Joe Ely has consistently been banging out Texas-style rock for some 50 years. The fact that the Lubbock native’s music doesn’t sound much different now than it did some five decades ago is a tribute to his talent and hard work. The kid who once saw Jerry Lee Lewis play from the back of a flatback trailer in Amarillo has stayed true to the gospel of rock and roll and its many auxiliary influences, from honky tonk to Tex Mex to punk to blues to country with more than 20 full-length albums attesting to that truth. Ely’s efforts have made him a legend in the Lone Star State, along with Willie Nelson, Buddy Holly, Stevie Ray Vaughn, and others who belong on the crowded Texas musical Mount Rushmore. But that’s not because he has remained in one place. As the title of his latest release testifies, he’s been Driven to Drive. He can’t stay still. His music keeps on moving and gets listeners to do the same.
Ely is a road warrior. Driven to Drive‘s songs were recorded on assorted dates, even during different decades, when he would return to his home studio outside Austin after coming off a tour. The album, as a whole, still manages to have a harmonious vibe. It isn’t easy to distinguish which songs were recorded when. They share a uniform sensibility. Ely’s vocals and guitar playing remain strong throughout. His musician neighbors accompany him, most frequently accordionist Joel Guzman, as well as keyboardist Bill Guinn, fiddler Richard Bowden, and singer Eddie Beethoven—but not all at the same time. Most tracks feature just one or two other players. Jeff Plankenhorn later added his guitar to three tracks at the Zone studio in Dripping Springs, Texas, and engineer Par Manske (who mastered the LP) added percussion. Bruce Springsteen also contributed guest vocals on one track.

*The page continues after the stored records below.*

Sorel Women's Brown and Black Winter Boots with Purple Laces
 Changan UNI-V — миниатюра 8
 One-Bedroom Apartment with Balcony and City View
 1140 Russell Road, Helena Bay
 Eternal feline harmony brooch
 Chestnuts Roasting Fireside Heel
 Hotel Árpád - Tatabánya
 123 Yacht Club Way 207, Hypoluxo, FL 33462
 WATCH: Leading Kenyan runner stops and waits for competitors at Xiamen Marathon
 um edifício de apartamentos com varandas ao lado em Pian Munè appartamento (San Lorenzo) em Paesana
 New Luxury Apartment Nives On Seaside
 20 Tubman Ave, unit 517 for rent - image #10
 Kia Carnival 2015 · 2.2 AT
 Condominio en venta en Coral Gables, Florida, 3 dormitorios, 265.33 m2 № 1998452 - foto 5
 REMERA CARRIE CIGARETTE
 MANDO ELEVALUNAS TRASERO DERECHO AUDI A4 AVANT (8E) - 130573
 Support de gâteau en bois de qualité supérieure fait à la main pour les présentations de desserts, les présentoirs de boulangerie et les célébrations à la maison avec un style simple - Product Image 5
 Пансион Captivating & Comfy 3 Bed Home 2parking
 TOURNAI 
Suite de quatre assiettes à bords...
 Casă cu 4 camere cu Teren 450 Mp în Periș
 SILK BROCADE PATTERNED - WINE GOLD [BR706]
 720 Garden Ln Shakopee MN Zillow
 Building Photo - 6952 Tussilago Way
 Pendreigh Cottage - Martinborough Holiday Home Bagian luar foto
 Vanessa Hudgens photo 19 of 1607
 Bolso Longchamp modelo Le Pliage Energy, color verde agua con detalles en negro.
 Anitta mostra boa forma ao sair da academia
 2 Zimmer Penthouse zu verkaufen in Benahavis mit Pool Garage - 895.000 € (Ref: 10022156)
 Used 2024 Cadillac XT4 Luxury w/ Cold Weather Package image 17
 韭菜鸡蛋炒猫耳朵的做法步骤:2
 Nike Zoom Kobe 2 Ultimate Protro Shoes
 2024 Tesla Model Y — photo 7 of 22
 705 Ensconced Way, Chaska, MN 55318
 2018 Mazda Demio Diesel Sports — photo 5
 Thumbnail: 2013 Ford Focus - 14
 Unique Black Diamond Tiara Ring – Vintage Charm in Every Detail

Driven to Drive presents Joe Ely hitting the highway by car, semi-truck, motorcycle, and Greyhound bus. The songs are full of colorful one-liners that contain the wisdom of the road as found in tall tales, folk wisdom, and poetic inspiration. “For your love, I’d stop a freight train single-handed / I’d straighten the bends in the Rio Grande,” he sings boastfully in “For Your Love”. “Lady luck is for horses and dice / she has no heart,” he observes in “Odds of the Blues”. “Nashville is a catfish looking for a silver hook,” he recites in his tribute to the Tennessee town.
Joe Ely’s stories wander the way a traveler does when entering strange territory, noting the novelty and sameness of the surroundings, not yet sure what’s important and what just is. For example, the song about Nashville has the city turn into “a fiddle, ain’t no violin”, “a dreamer with a broken heart”, and “a tour bus shining like a lady of the night” before Ely’s done. He appreciates the many sides of the Music City even as he sees through its facades.
Most of the tracks on Driven to Drive throb with the motion of being on the go, whether the singer is watching the vehicles roll or driving himself. The most prominent counter-example is the slow-moving acoustic “Gulf Coast Blues”, where he looks out at the tide and realizes one can be moving and still be going nowhere like the waves in the sea. He notes that blues are the feeling one gets while waiting for the wind. Joe Ely knows he has to keep on moving, as he says in the title song. He provides room for the rest of us to join him. I call shotgun.